Conflict has consumed much of the remote Chin hills since the military overthrew an elected government in early 2021, forcing many thousands of villagers over the border into the neighboring Indian state of Mizoram, complicating a tense communal situation there.
Fighters from two ethnic Chin insurgent forces, the Chin National Army, or CNA, and the Chinland Defense Force, captured four military camps between the towns of Hakha and Thantlang on Saturday after 10 days of fighting, said Salai Htet Ni, a spokesman for the CNA told Radio Free Asia.
“We were able to capture the military council camps above Hakha town, between Hakha and Thantlang towns. Two junta’s captains, including a battalion commander and a police major, were killed in the battle. In addition to that, 11 bodies of soldiers were found and 31 were arrested by our forces,” he said.
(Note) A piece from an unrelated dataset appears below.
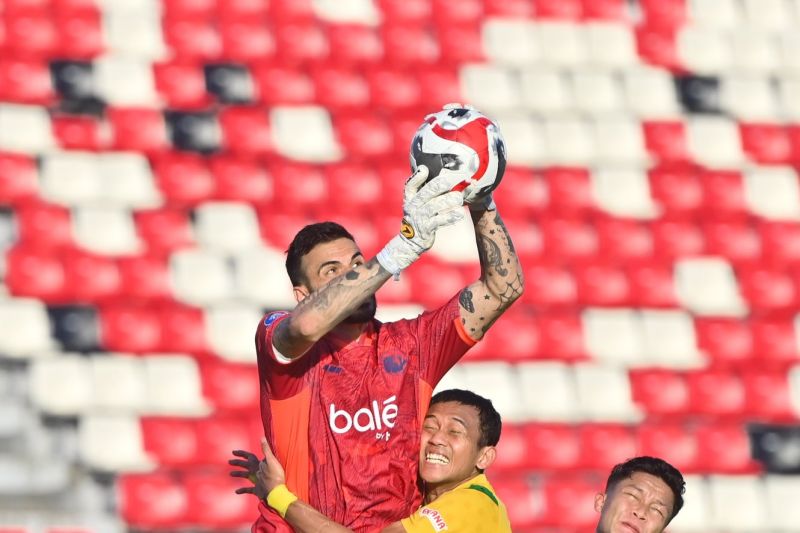Arema FC Resmi Lepas Lucas Frigeri, Kiper Pahlawan Piala Presiden 2024 Angkat Koper dari Malang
He said Chin forces suffered no fatalities but six fighters were wounded. He identified the captured camps as Thi Myit, Umpu Puaknak, Nawn Thlawk Bo and Ruavazung.
He said the camps were important for the military’s control of the area, which is about 40 kilometers (25 miles) to the east of the border with India.
Radio Free Asia tried to contact the military’s main spokesman, Maj. Gen. Zaw Min Tun, to ask about the situation but he did not answer phone calls.
Salai Htet Ni said Chin forces were continuing to attack other military positions in the area.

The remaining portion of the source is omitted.